ソムリエ用語

 パリの三ツ星レストラン「ランボワジー」のチーフ・ソムリエのピエールは、素晴らしいワイン用語を使う。友人のお嬢さんの誕生日を祝う夕食会をした時、女性の誕生日記念に最高なワインは何かと聞くと、ピエールは即座に「シャトー・マルゴーは女性向きの最高峰、シャトー・ラ・トゥールは男性向けの最高峰」と言って、シャトー・マルゴーを持ってきた。その優雅な色合い、豊満なのに繊細な味、絹のような喉越しは、確かに女性向きである。ピエールは、皆にマルゴーを一口口に含ませた後、「バラの花の香りがしませんか」と尋ねた。シャトー・マルゴーを「バラの花の香り」と一言で定義づけた力量に感銘した。
 ソムリエが使うワインの味や香りを特定する用語は、時には科学者の専門用語であったり、時には詩人の言葉であったりと、多彩である。特に、花の香りや果実の匂いを隠喩として多用する。バラの花の匂い、ひなげしの花の匂い、フランボワーズ(ラズベリー)の香り、カシス(黒すぐり)の芳香と表現されると、そんなものかなとつい納得してしまう。だが、古い皮の匂い、落ち葉の匂い、土の香り、小石の微かな香りと言われても、頭がついていかない。 
 だが、ボルドーや南仏等の葡萄畑などを実際に歩いてみると、ピエールたちのソムリエが使うワイン用語が少しは理解できるようになった。というのは、フランスの「葡萄畑」は、日本の「畑」とは全然違っていたからである。日本で「畑」というと、良く耕され整地された柔らかな大地を思い浮かべるが、フランスの葡萄畑は大きな石がゴロゴロしていたり、小石と砂が混じった硬い土地であったりする。周囲は森や林に囲まれている所も多く、できるだけ自然状態で葡萄を生長させるという思想がある。
 その硬いゴロゴロした地面から逞しい葡萄の木が枝を広げ、太い幹に成長する。葡萄を摘むのに楽なように、樹の高さは人間の腰のあたりまでしか伸ばさず、横に広げて行く。その方が樹に余計な養分を回すことなく栄養素の全部を果実に集中させるし、強風にも強い。葡萄は小石や石ころと戦って、成長する。

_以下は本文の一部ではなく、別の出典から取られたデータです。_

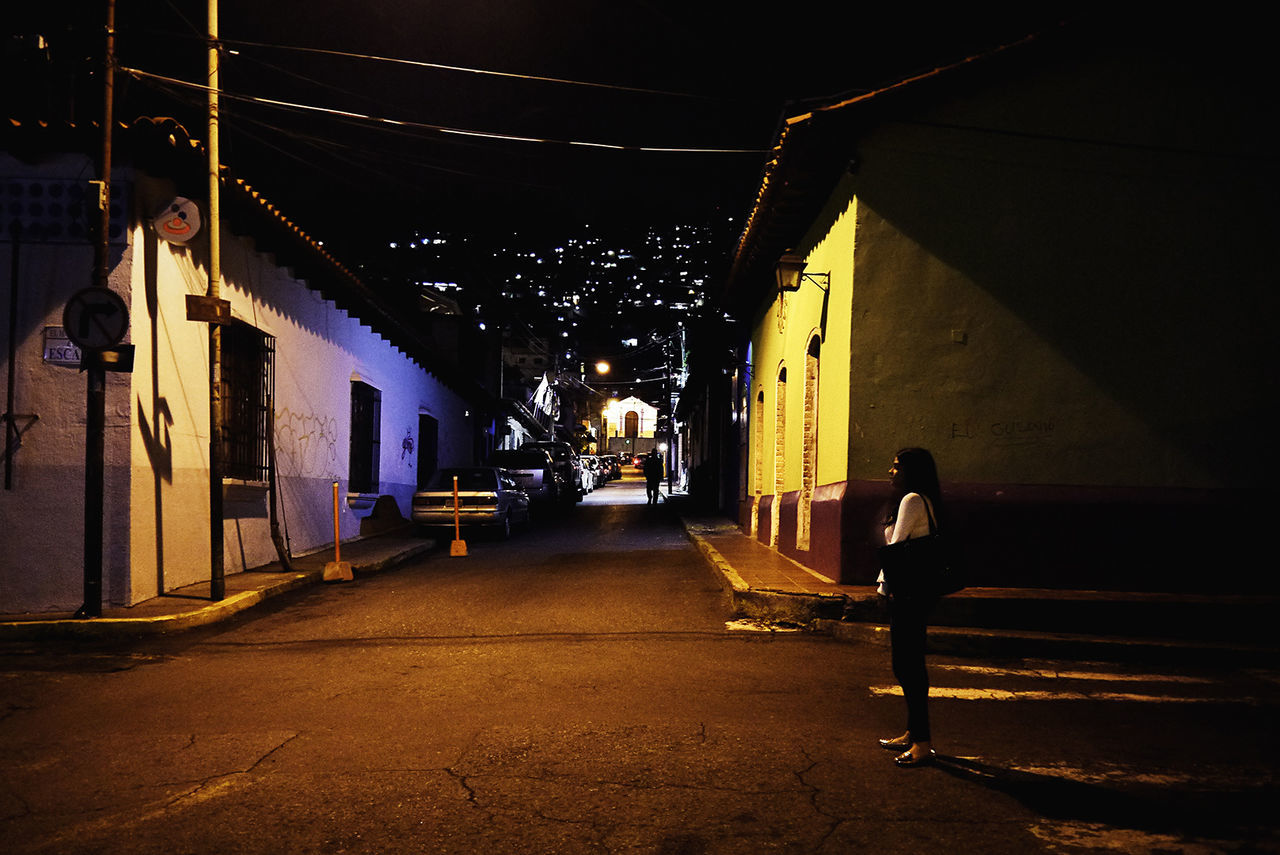 architecture, night, illuminated, building exterior, built structure, city, real people, street, one person, full length, building, the way forward, lifestyles, direction, transportation, road, footpath, outdoors, men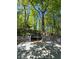 Backyard view from the deck highlighting the trampoline and mature trees at 760 Whitehall Way, Roswell, GA 30076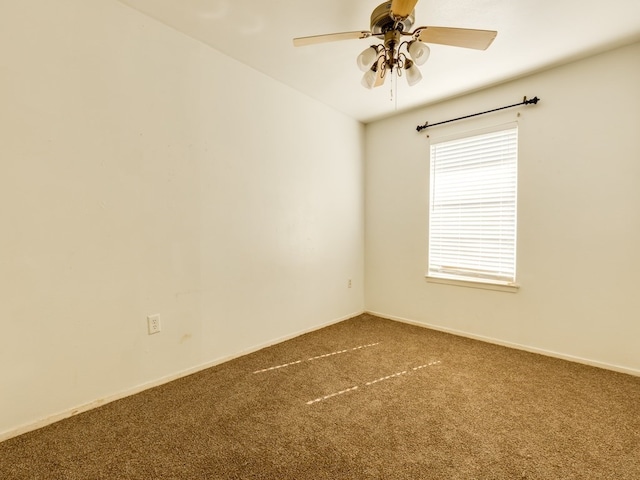 empty room with ceiling fan and carpet flooring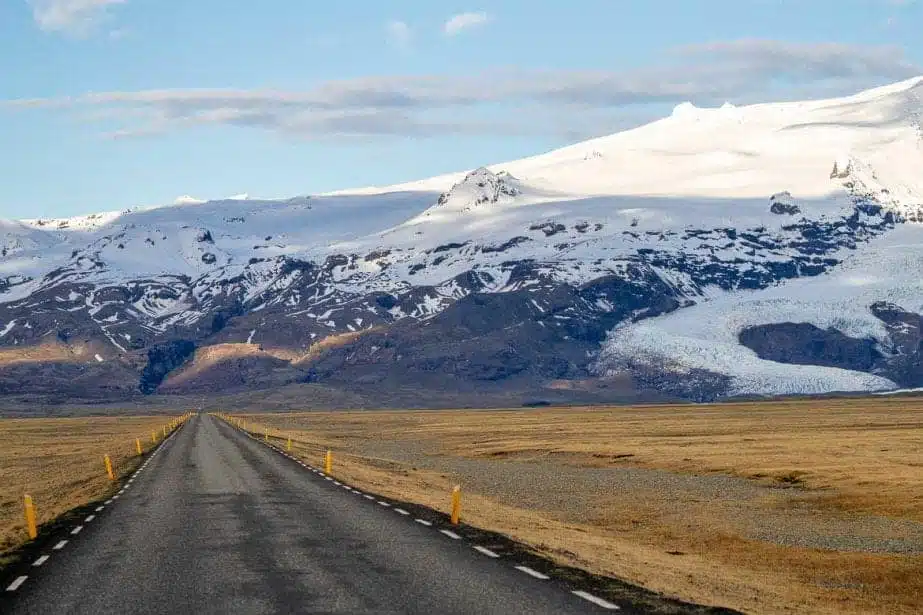 Cosas únicas para hacer alrededor de Vik, largo camino a través de pastizales marrones que conducen a grandes montañas cubiertas de nieve bajo un cielo azul nublado
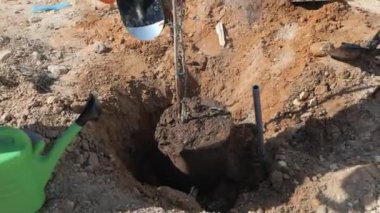 Genç bir ağacın dikildiği bir toprak yığınının etrafında bir grup insan duruyor. Ön planda takım elbiseli ve kravatlı bir adam bir küreğe yaslanıyor. Arkasında, iş kıyafeti giymiş bir kadın vardı.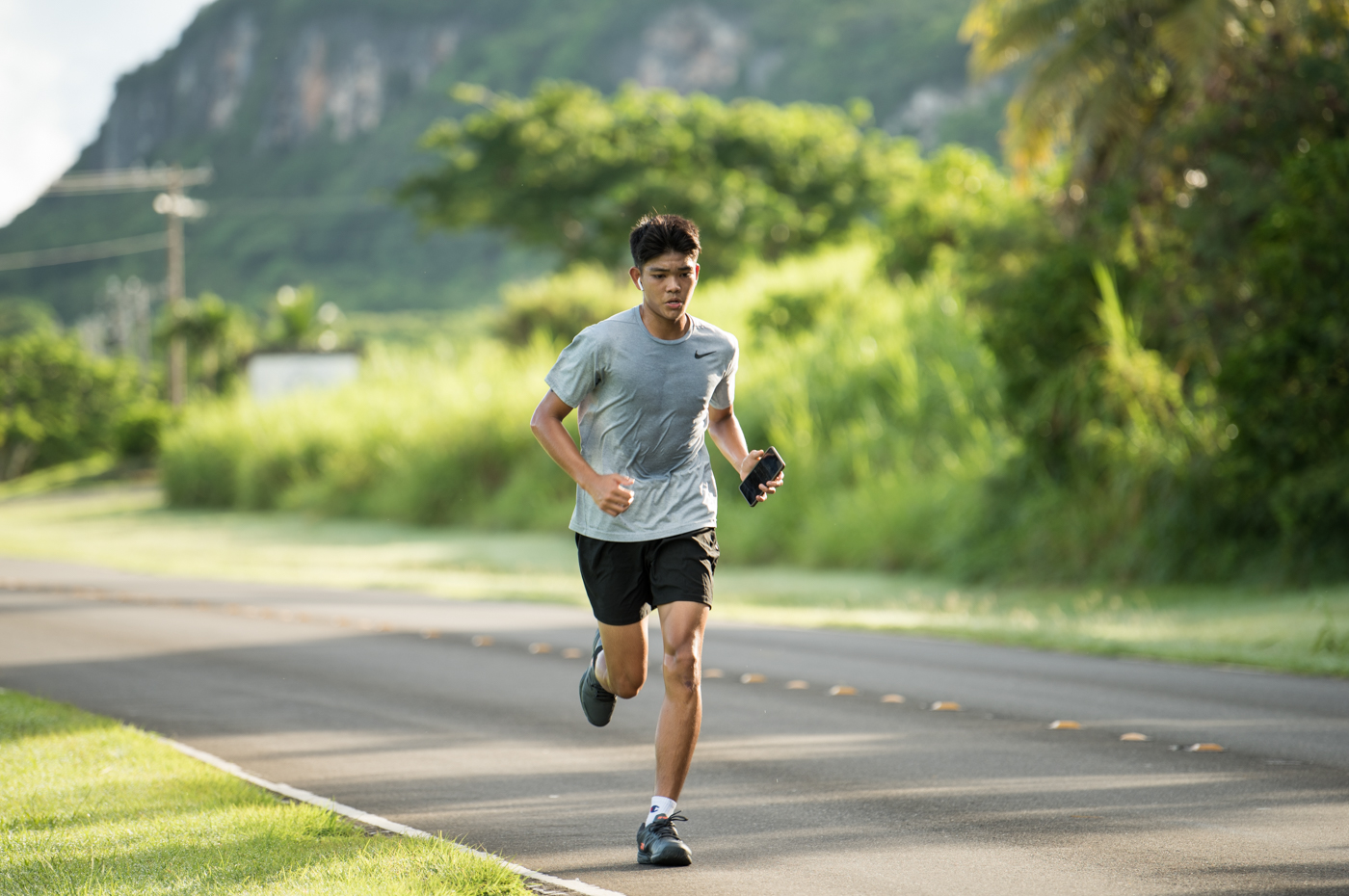 Cody Shimizu leads the running portion in the Mixed Relay category of the 50th Tan Holdings Anniversary Triathlon at Paupau Beach in San Roque on Saturday.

弱いものは淘汰され、力強いものだけが生き残る。この力強さの思想は料理にも現れている。
 日本料理とフランス料理の違いは、発想の違いにあると思う。日本料理は胃に負担をかけないように優しく食べ物を隙間なく胃に入れていくが、フランス料理は強いものと強いものをぶつけ合って、その戦いを楽しむ構成になっている。身体が健康で胃が丈夫な時はフランス料理を堪能できるが、体調が悪いと重過ぎて食べる気になれない。そんな時は、日本食が恋しい。料理とワインも同様に、強いもの同士をぶつけ合わせて、その「融合(結婚)」を楽しむ。相性が良いと、素晴らしいハーモニーが生まれる。
 先日、「ル・ムーリス」で久しぶりにシャトー・マルゴーを飲む機会を得た。女性向きに優しく繊細といっても、その背後に力強さと骨格の太さも同時に感じた。「これらのバランスこそ格付けワインの真骨頂だ」と、ドミニックというソムリエはうなずいて言った。
 科学者の冷静な分析力と詩人の豊かな想像力の二つで裏付けられたソムリエの表現を分かるようになると、ワインをより深く楽しめる。しかし何よりも必要なことは、強いもの同士のぶつかり合いを楽しめる頑強な胃袋であろう。